Using the material below, return exactly the lines between the one holding "Super Late Bloomer: My" and the one holding "Livro Tea For", inclusive, and no others.
── EXCERPTED RECORDS
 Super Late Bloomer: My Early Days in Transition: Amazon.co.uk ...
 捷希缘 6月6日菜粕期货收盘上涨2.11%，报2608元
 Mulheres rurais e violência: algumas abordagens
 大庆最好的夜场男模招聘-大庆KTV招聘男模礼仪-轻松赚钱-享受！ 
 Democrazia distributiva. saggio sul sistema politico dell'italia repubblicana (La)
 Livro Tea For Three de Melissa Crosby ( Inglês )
────
── EXCERPTED RECORDS
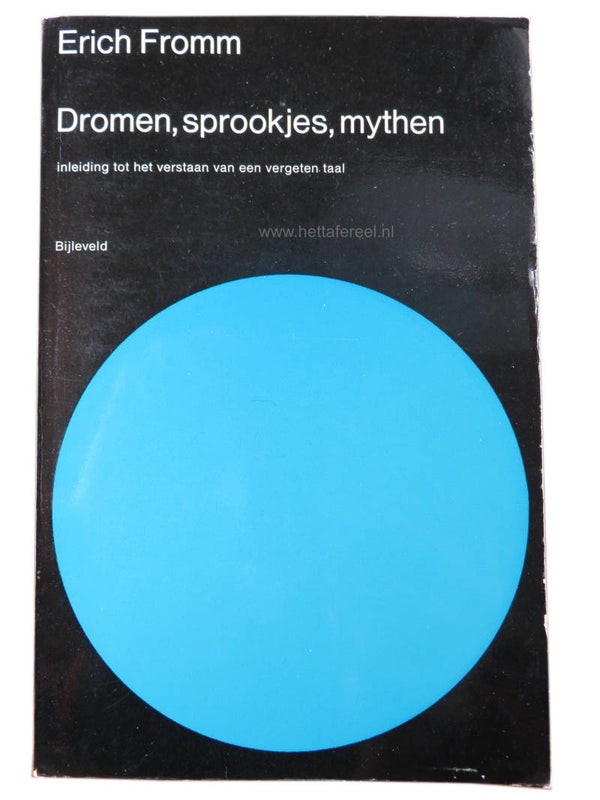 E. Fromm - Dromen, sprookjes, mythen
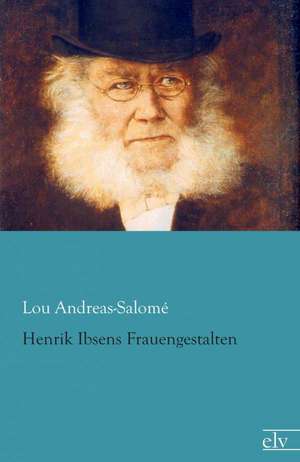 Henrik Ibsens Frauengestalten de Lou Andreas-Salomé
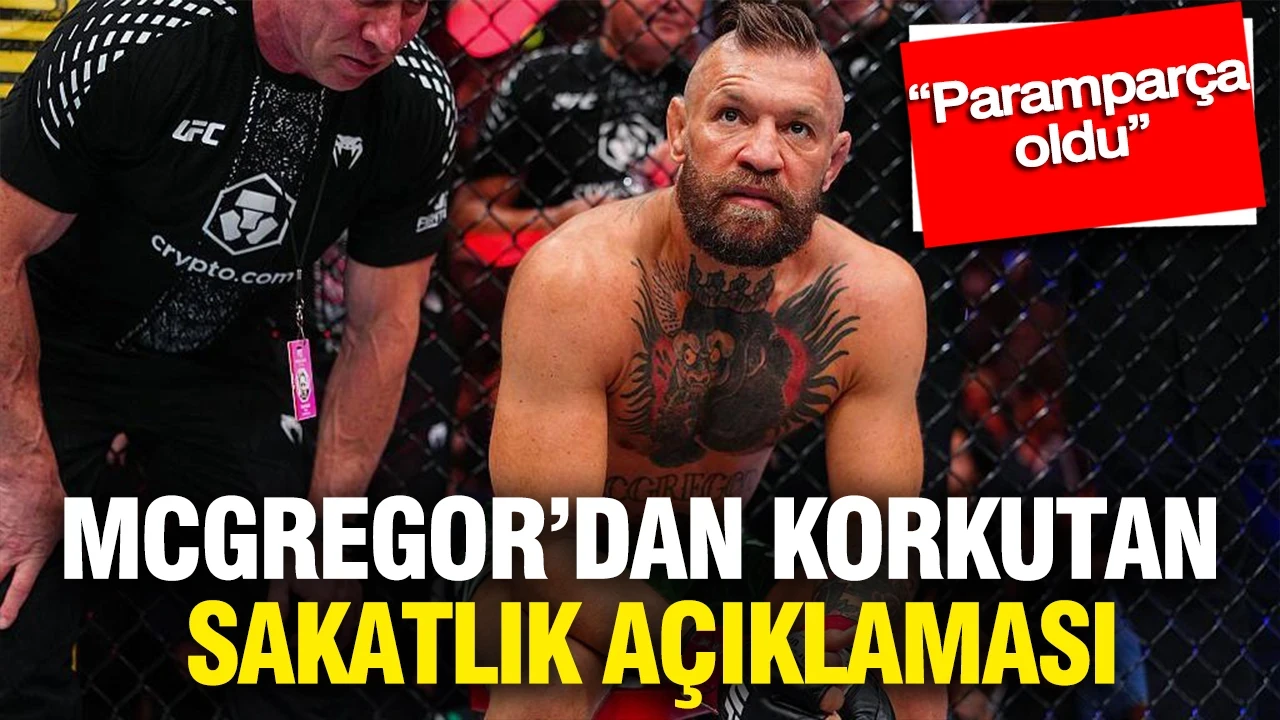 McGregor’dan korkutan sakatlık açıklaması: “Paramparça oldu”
────
SOLUTION BELOW |
 Super Late Bloomer: My Early Days in Transition: Amazon.co.uk ...
 捷希缘 6月6日菜粕期货收盘上涨2.11%，报2608元
 Mulheres rurais e violência: algumas abordagens
 大庆最好的夜场男模招聘-大庆KTV招聘男模礼仪-轻松赚钱-享受！ 
 Democrazia distributiva. saggio sul sistema politico dell'italia repubblicana (La)
 Livro Tea For Three de Melissa Crosby ( Inglês )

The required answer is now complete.